The van needs an oil change and a good cleaning of the seal around the rims because the tires are leaking. So I’ll need to make an appointment during my exercise routine.  At 5:30 a.m. I went out to buy milk and orange juice and noticed the roads were being blocked, and then Giant Eagle didn’t open until 6 a.m. so I went to Get Go and got what I needed, and while returning home (in the dark) found still more blocked streets.

When we tried to leave for church we discovered the roads were blocked because of a bicycle race and it was almost impossible to go west, but finally found an area with police directing traffic, but for probably the second time in our lives, we were late to church. I sat in the last row thinking I wouldn’t have to walk (limp) to our usual pew, but was fooled again since it was communion Sunday and I had to walk all the way to the front anyway.  I skipped kneeling—figured I’d never get back up!
Leaving for our SALT group meeting at noon (lunch and Bible study) we discovered that the garage door wouldn’t go down.  This had happened a few weeks ago and our son-in-law fixed it, but he’s at the lake.  Bob called, and he told him what to do.

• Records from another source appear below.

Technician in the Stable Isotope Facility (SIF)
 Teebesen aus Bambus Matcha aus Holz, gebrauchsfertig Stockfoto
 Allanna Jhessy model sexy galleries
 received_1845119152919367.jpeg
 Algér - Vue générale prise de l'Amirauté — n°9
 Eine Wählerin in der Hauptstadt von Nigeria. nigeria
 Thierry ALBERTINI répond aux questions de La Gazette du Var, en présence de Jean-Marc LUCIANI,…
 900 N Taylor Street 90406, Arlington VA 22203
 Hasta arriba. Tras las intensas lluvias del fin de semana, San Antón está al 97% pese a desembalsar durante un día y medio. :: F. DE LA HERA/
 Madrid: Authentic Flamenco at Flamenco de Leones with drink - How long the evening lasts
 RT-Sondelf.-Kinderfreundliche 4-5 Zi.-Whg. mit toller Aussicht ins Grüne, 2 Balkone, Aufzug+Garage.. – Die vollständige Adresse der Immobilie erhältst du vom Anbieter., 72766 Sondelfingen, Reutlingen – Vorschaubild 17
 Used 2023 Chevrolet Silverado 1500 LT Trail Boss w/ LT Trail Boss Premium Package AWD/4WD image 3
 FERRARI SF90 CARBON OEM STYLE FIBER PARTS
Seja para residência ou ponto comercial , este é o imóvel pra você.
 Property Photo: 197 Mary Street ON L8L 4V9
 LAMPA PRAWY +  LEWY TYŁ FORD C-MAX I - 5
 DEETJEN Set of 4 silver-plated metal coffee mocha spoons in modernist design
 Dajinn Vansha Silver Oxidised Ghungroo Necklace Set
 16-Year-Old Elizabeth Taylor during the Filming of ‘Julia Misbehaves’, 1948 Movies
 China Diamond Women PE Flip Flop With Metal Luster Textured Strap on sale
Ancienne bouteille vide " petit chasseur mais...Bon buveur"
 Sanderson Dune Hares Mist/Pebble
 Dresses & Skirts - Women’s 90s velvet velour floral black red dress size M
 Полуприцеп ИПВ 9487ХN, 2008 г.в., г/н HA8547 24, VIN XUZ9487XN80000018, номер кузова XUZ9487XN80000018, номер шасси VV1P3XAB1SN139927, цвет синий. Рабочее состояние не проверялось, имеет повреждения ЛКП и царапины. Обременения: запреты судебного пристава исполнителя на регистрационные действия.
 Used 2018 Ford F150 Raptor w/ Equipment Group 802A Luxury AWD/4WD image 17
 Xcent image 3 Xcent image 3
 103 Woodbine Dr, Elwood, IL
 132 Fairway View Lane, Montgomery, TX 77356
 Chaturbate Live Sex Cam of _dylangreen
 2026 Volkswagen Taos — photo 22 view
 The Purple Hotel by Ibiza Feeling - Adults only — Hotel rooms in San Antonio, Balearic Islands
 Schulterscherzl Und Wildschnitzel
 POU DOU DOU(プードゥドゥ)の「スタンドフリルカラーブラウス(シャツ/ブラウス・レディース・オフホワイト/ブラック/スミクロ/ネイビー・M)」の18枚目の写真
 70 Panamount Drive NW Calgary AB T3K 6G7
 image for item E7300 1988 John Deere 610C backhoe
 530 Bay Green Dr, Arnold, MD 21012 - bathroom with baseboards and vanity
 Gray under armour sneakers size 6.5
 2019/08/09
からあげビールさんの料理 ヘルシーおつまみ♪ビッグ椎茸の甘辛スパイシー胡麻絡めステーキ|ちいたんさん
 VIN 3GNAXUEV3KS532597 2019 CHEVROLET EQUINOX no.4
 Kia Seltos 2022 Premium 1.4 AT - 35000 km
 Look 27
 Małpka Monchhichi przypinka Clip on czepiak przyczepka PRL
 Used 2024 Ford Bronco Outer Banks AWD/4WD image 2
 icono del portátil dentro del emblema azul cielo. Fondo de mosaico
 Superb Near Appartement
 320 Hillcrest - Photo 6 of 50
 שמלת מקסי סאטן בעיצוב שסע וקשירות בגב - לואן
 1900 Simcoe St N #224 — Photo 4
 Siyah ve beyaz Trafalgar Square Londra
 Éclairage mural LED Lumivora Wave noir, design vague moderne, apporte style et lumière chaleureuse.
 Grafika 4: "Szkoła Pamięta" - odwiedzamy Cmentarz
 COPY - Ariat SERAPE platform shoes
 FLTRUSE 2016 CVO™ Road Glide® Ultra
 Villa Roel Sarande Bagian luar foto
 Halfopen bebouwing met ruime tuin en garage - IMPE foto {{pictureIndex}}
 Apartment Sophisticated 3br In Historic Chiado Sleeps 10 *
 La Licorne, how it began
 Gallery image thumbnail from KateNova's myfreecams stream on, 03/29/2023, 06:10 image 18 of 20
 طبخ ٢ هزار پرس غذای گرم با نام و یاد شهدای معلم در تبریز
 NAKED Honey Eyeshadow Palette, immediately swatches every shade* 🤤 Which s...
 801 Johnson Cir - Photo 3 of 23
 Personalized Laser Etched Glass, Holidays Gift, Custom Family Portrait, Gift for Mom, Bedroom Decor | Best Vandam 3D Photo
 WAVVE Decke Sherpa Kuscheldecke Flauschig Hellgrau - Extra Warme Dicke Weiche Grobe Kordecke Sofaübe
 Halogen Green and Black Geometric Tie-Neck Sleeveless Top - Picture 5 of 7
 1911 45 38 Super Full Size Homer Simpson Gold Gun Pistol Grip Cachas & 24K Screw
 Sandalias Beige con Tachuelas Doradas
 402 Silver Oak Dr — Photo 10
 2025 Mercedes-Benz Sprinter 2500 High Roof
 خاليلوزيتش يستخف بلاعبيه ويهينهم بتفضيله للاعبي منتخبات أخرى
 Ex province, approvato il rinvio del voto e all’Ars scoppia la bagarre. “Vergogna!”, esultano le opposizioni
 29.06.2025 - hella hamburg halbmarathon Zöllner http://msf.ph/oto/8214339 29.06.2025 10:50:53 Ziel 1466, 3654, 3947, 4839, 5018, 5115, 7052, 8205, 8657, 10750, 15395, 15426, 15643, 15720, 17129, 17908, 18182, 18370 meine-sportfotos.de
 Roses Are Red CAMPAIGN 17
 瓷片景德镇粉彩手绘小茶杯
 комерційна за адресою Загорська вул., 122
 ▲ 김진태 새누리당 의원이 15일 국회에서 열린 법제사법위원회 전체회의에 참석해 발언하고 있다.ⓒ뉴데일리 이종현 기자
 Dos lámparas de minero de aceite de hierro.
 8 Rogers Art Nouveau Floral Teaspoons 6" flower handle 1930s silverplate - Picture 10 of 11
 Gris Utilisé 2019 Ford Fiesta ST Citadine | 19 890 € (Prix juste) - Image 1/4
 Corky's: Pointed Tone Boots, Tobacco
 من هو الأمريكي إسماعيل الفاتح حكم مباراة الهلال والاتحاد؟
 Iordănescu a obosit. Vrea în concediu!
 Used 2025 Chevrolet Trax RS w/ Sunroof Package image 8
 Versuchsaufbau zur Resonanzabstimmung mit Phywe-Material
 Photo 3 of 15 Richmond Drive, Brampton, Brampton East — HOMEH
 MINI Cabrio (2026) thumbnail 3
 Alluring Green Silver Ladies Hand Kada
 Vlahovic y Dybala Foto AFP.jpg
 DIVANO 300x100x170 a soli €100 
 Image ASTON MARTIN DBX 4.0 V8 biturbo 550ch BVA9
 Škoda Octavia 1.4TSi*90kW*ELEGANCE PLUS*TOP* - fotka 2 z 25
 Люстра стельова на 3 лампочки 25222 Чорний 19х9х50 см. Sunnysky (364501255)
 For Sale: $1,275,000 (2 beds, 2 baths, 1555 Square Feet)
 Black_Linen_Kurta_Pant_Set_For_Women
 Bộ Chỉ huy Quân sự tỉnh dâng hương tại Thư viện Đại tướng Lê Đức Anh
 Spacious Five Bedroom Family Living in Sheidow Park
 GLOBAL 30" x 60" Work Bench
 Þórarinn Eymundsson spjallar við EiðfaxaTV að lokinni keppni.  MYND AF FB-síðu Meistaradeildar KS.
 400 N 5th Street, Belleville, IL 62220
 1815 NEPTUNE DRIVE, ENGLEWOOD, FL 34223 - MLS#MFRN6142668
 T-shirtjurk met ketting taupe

Our furnace was to be repaired this week, but there were 3 messages on the answering machine that the price for the part had gone up and did we still want to do it?  Of course, you can’t reach them on the week-end. Meanwhile, we can only run the AC either full blast or off, so it’s on until it gets cold and we shut it all down.

But huge tragedy—Bob seems to have left several of his favorite watercolor brushes at the Rhein Center where he was teaching on Thursday, and didn’t notice it until we got to Columbus.  He’s had those brushes over 50 years, they are top quality and would cost a fortune to replace.  We’re hoping they didn’t get mixed into the general supply of brushes purchased at Wal-Mart for the kids’ classes.
One thing worked out.  I had 3 empty honey jars, and on our way home from SALT, we stopped buy Steve’s home, turned in the jars and got 2 jars of honey.

And our daughter just called and said the 20” stove we had sitting on the porch at Lakeside has been sold.  I had a sign tacked to the telephone pole, a man saw the stove, knocked on the door and asked jokingly if this was the Thompson cottage (people we bought from in 1988).  Frank Thompson was a well known figure in Lakeside and taught generations of children how to swim—including the buyer. He’s going to move it in his golf cart.